The final report is dedicated to the 11 workers who died aboard the Deepwater Horizon.

BP Wins Four Deepwater Exploration Blocks Off South Australia's Coast

The company does not expect to begin drilling until 2013 or 2014. It promised "to use the intervening time to fully implement the lessons learned from the investigations into the Montara and Deepwater Horizon incidents."

BP has won permission from Australia's government to explore for oil and gas in four deepwater blocks off the coast of South Australia. The four blocks are a promising area of 24,000 square kilometers for oil and gas reserves, according to company officials, with Mike Daly, executive vice president of exploration, saying in BP's Jan. 17 announcement, "This is a material and early move into an unexplored deepwater basin."

"Seismic survey activity could take place in the summer of 2011/12. Drilling activity is not expected to take place until 2013 or 2014. BP is committed to use the intervening time to fully implement the lessons learned from the investigations into the Montara and Deepwater Horizon incidents, and is working closely with the Australian Government, the South Australian Government and industry to do so," the announcement states.

Americans unfamiliar with the Montara incident will find parallels to the Deepwater Horizon disaster.

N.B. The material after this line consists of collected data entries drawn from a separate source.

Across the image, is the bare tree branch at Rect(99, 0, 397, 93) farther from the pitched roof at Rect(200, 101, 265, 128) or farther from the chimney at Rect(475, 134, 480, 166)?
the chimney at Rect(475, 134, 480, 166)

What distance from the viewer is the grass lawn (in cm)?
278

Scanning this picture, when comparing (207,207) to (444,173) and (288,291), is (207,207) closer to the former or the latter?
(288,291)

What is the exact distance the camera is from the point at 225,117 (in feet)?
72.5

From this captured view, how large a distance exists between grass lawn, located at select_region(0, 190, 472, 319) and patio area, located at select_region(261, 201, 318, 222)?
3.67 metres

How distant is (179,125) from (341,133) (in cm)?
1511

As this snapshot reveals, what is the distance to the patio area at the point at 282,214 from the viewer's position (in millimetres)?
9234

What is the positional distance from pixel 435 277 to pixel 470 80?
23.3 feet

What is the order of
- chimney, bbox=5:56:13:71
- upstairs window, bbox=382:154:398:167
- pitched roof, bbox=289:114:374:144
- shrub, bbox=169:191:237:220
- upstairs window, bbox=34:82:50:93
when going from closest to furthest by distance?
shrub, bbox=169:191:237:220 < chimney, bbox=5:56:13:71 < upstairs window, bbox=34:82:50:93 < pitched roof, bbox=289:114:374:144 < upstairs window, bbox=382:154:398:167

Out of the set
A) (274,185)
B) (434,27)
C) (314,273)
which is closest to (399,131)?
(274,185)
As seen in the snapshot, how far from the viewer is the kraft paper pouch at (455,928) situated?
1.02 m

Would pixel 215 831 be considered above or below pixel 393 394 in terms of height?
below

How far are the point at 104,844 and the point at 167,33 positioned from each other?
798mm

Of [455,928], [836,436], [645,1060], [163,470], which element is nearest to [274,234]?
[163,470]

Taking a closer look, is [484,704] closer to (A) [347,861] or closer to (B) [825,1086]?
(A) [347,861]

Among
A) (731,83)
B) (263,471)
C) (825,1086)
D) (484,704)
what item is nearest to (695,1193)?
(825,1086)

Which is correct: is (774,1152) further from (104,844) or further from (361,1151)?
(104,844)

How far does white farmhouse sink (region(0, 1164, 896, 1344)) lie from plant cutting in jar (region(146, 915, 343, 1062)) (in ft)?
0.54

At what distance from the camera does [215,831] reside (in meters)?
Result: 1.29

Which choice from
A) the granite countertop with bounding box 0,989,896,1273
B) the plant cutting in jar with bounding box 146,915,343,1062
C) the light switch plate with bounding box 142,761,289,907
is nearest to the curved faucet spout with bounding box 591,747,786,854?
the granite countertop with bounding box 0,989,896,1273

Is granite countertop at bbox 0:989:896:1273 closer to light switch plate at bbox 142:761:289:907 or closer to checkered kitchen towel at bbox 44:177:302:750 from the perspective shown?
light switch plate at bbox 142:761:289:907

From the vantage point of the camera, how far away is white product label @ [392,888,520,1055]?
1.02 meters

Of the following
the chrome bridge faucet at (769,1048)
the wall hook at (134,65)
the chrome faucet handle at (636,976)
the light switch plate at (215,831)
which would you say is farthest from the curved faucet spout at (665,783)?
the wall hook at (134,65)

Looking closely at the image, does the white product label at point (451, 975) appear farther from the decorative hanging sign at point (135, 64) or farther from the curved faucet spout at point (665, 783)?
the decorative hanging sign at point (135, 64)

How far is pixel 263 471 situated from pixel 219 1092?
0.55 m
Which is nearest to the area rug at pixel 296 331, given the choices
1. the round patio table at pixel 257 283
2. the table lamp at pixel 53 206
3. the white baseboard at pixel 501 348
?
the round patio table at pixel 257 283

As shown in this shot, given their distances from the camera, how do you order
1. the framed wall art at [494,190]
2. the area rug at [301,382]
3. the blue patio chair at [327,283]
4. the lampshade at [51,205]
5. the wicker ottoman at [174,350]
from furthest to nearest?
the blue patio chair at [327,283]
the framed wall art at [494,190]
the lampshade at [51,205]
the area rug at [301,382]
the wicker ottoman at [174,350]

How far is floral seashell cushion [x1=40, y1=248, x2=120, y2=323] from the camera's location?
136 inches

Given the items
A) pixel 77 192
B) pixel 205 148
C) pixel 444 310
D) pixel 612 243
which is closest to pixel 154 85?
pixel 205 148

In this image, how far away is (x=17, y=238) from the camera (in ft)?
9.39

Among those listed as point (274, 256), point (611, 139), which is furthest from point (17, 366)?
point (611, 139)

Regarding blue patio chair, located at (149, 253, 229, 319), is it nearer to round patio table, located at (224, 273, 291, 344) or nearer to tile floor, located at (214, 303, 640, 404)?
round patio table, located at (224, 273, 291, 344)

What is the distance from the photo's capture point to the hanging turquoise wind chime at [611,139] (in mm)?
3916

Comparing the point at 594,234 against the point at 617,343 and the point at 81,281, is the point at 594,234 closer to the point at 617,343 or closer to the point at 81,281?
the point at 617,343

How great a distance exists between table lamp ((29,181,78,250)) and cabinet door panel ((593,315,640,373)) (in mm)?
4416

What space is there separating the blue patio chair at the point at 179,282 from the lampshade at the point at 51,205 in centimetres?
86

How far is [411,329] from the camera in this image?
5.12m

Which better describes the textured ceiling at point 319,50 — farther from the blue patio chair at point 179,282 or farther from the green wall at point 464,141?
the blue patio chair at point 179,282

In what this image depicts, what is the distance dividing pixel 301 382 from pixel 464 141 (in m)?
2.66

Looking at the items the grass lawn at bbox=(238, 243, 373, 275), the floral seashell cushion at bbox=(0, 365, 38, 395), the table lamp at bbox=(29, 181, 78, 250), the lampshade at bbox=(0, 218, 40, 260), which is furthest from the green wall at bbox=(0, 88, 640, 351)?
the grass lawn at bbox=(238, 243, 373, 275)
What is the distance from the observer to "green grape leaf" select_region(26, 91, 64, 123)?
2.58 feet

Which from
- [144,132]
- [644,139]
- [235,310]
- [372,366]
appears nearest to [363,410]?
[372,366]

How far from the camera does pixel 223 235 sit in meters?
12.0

Montara was an Aug. 21, 2009, well blowout in the Timor Sea from a platform drill rig owned by PTTEP Australasia; the spill of oil and gas was stopped on Nov. 3, 2009. A final report issued Nov. 24, 2010, by a commission of inquiry concluded there were systemic safety failures by PTTEP that allowed the spill to occur, and a single authority should be created to regulate offshore energy operations.

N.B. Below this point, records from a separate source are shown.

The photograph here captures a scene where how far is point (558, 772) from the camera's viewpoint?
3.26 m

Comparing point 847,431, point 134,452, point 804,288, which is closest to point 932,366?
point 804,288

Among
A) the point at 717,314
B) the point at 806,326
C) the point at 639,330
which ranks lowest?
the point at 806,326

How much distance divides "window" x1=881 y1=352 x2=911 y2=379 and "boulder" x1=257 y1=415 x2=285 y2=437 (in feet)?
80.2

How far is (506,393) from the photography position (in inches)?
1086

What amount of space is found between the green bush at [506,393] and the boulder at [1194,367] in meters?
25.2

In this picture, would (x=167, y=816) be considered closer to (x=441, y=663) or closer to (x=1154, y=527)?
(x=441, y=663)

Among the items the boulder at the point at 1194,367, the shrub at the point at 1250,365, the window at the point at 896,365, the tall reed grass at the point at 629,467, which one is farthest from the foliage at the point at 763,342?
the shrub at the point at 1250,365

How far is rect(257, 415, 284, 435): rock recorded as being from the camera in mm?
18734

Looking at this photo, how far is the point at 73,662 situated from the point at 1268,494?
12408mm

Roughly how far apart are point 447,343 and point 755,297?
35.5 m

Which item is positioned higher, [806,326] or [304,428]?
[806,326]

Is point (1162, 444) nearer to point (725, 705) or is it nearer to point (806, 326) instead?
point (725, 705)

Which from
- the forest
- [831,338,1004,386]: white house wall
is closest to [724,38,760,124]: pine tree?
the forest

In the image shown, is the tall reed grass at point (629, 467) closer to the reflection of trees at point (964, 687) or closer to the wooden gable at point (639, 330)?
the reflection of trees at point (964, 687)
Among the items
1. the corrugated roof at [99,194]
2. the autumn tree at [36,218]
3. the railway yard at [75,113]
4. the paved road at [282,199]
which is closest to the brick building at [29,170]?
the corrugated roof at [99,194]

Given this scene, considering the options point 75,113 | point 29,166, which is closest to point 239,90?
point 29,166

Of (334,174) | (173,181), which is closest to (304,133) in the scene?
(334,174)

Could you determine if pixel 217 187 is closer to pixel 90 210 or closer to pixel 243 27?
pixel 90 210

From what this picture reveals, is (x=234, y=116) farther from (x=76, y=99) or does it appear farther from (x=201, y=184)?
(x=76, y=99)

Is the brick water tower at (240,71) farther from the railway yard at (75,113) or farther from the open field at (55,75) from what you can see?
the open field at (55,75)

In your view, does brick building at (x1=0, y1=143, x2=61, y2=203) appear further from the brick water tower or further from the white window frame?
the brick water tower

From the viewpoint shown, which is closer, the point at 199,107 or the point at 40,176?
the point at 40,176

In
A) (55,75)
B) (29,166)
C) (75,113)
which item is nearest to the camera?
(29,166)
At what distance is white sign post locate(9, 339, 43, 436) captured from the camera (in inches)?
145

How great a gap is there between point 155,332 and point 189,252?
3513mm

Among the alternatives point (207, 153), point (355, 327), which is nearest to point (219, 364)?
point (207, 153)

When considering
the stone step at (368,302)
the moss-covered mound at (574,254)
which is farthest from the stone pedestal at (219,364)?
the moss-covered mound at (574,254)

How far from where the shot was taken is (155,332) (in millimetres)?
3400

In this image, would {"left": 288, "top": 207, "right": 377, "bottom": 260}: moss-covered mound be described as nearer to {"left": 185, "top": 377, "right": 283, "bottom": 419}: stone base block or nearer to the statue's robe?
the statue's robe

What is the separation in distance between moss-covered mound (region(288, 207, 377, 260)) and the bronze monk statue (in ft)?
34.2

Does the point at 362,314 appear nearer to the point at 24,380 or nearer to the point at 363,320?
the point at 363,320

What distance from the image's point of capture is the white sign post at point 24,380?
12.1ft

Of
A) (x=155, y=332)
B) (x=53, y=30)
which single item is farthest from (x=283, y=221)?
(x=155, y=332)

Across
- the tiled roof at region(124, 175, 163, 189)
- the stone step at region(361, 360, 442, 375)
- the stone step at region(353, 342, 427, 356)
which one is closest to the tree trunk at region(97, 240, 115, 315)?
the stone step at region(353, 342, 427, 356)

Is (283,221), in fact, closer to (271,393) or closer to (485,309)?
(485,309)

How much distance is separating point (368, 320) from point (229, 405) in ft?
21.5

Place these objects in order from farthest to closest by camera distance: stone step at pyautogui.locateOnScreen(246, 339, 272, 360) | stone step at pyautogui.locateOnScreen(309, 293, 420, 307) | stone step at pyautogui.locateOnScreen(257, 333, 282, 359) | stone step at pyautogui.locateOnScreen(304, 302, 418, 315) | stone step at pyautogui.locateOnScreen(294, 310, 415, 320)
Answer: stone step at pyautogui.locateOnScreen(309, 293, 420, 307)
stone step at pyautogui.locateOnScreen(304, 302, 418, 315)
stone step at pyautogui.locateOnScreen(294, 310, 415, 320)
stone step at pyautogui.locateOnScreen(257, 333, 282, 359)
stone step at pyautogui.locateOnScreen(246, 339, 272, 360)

"The fact is that we were lucky with Montara –- no lives were lost, there were no serious injuries and the quick, coordinated response from governments, regulators, and industry meant that the impact on the marine environment was minimal," Martin Ferguson, minister for Resources and Energy, said when the report was issued. "Montara was the first major loss of well control in 25 years of safe offshore petroleum operations. If either -- or preferably both -– PTTEP AA or the Northern Territory Designated Authority had done their jobs properly and complied with requirements, the Montara Blowout would never have happened."

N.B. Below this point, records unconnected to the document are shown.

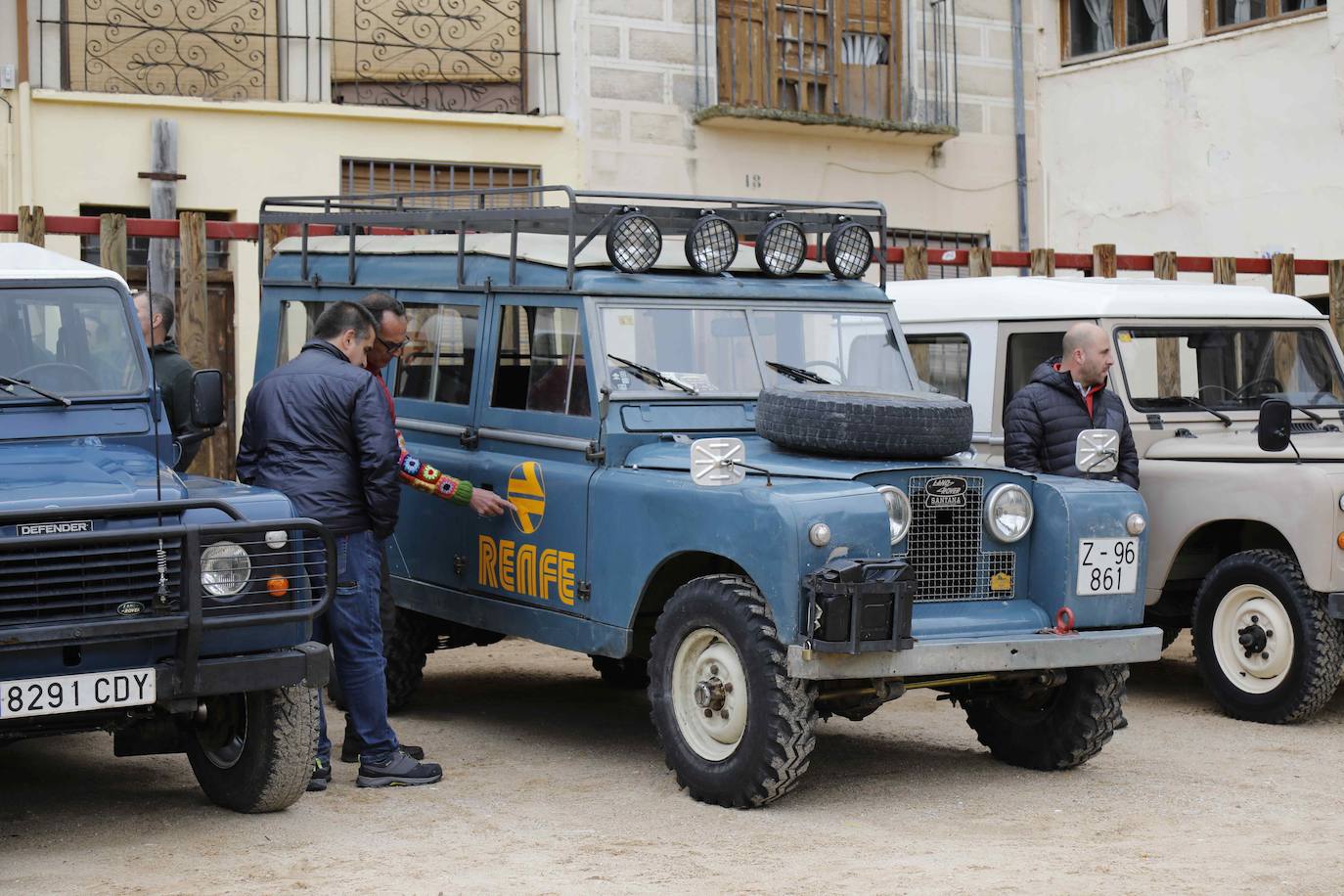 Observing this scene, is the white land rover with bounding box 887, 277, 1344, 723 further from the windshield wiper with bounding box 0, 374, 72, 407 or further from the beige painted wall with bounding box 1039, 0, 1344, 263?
the beige painted wall with bounding box 1039, 0, 1344, 263

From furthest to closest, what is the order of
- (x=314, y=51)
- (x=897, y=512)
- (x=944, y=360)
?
1. (x=314, y=51)
2. (x=944, y=360)
3. (x=897, y=512)

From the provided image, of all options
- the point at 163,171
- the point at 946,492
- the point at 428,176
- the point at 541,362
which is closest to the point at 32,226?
the point at 541,362

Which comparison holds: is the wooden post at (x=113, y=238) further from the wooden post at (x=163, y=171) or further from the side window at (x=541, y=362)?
the wooden post at (x=163, y=171)

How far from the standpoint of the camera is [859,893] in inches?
229

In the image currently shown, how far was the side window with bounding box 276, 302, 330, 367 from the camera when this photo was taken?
31.7 feet

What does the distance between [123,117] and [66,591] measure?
32.8 ft

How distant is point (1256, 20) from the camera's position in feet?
57.1

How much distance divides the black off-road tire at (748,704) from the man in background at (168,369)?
6.84ft

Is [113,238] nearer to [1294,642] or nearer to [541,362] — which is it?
[541,362]

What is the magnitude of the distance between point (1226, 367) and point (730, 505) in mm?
3902

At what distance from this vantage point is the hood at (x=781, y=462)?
7.07 meters

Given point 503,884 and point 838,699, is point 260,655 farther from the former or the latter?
point 838,699

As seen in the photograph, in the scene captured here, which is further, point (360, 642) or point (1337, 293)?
point (1337, 293)

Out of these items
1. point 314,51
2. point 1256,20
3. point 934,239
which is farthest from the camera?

The presidential commission created by President Obama to investigate the Deepwater Horizon explosion and fire, its sinking, and oil spill issued its final, 398-page report last week, citing errors by the three main actors involved and saying the explosive loss of the Macondo well could have been prevented, then states this conclusion: "The immediate causes of the Macondo well blowout can be traced to a series of identifiable mistakes made by BP, Halliburton, and Transocean that reveal such systematic failures in risk management that they place in doubt the safety culture of the entire industry."

The panel called for reforming the government's oversight of offshore leasing, energy exploration, and production beyond what has already been announced as a result of the disaster. "Because regulatory oversight alone will not be sufficient to ensure adequate safety," they wrote, "the oil and gas industry will need to take its own, unilateral steps to increase dramatically safety throughout the industry, including self-policing mechanisms that supplement governmental enforcement. The technology, laws and regulations, and practices for containing, responding to, and cleaning up spills lag behind the real risks associated with deepwater drilling into large, high-pressure reservoirs of oil and gas located far offshore and thousands of feet below the ocean’s surface. Government must close the existing gap and industry must support rather than resist that effort."

Neither the energy industry nor the government has been adequately prepared for the risks involved in deepwater production and exploration, the panel concluded, adding that both "can and must be prepared in the future."